Soft Sheen Carson mise sur le marché européen

« C’est une grande première pour nous, un vrai mariage de culture entre l’Afrique, l’Europe et l’Amérique qui sont nos trois têtes de ponts. Nous sommes très heureux de ce show ethnique qui rassemble huit finalistes qui sont de vrais professionnels de la coiffure », commentait Jean-Marc Auverlau, directeur général de Softsheen Carson Europe.

Avec cette compétition, l’Oréal, à travers Soft Sheen Carson, affiche clairement ses prétentions : s’affirmer comme la marque de référence pour les professionnels de la coiffure « ethnique » en Europe. Déjà leader sur le marché des soins capillaires destinés aux cheveux afro-caraïbéens, la jeune structure, née il y a deux ans de la fusion de Softsheen et de Carson au sein du groupe l’Oréal, souhaite se faire mieux connaître sur le vieux continent. « Ce marché est stratégique pour nous, même si il est difficile à évaluer de façon très précise. Contrairement aux Etats-Unis, en France, il n’est pas possible de poser des questions d’ordre racial. Nous débutons nos différentes actions sur le terrain (formation et animations) par la France et l’Angleterre », explique Christine Gichuki, chargée de communication.

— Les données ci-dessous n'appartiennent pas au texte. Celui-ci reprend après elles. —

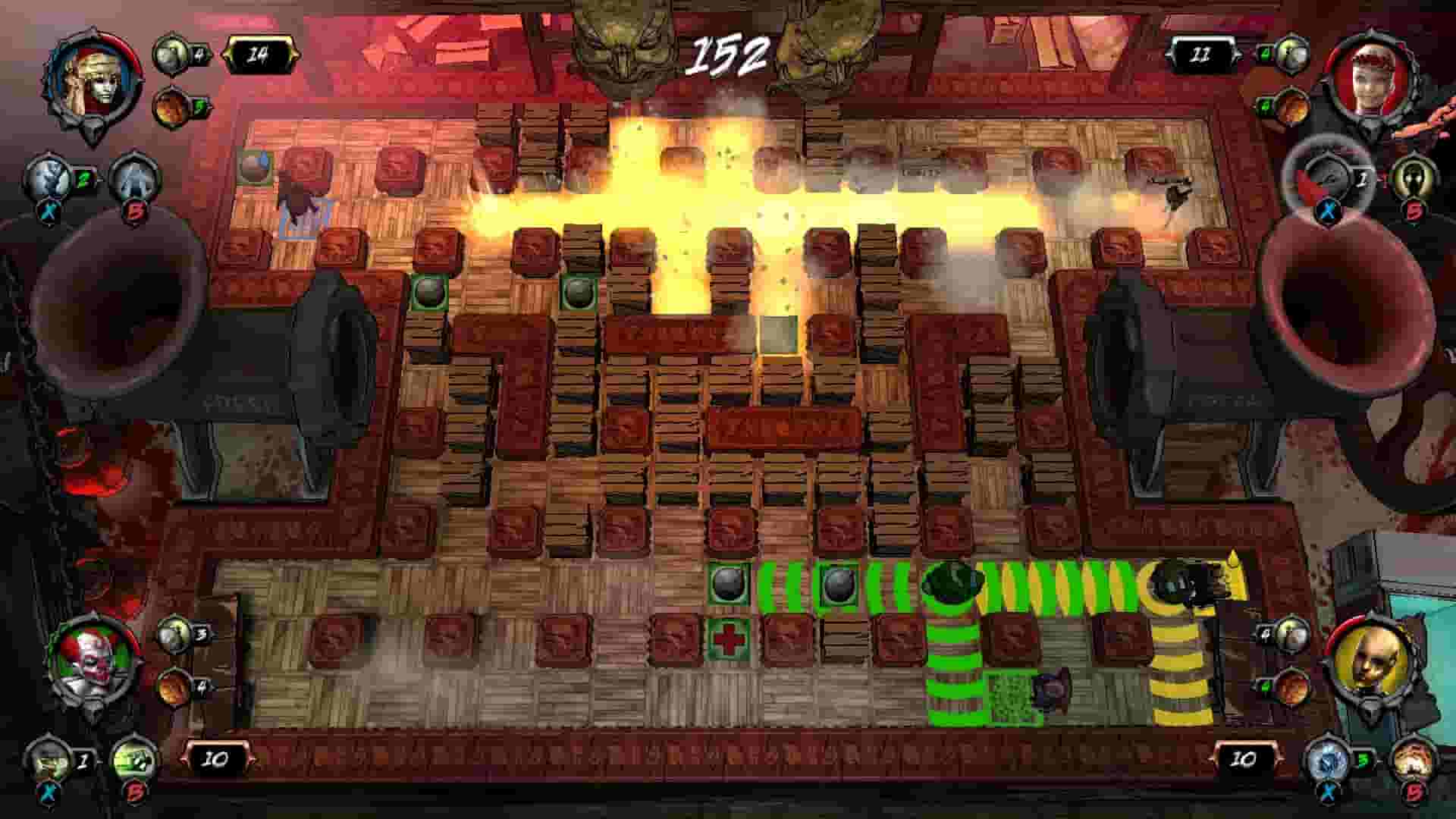 BRAWL screenshot thumbnail screenshot 4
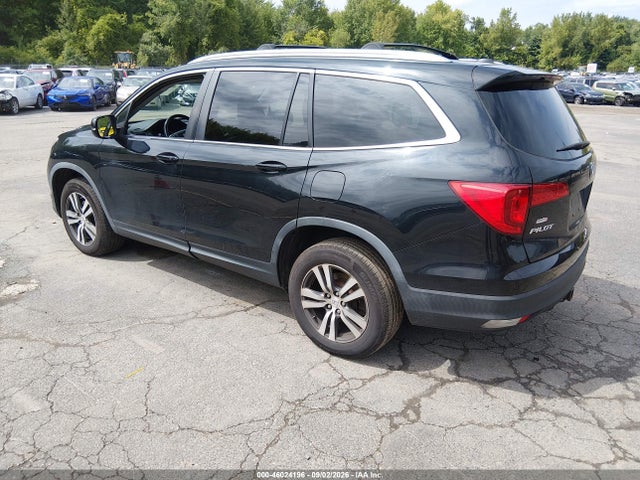 2017 HONDA PILOT EX-L 3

On évalue la population afro-caraïbéenne à 12% en Europe. En France, les femmes afro-carïbéennes dépenseraient trois fois plus, hors coiffeurs, que leurs semblables de type caucasien. En France le marché représente trois millions d’âmes, soit un chiffre d’affaires estimé à 53 millions d’euros. Une véritable aubaine pour la multinationale, qui avec Dark and Lovely, sa marque grand public détient 47 % du marché africain, soit 95 millions de dollars américains (88 millions d’euros).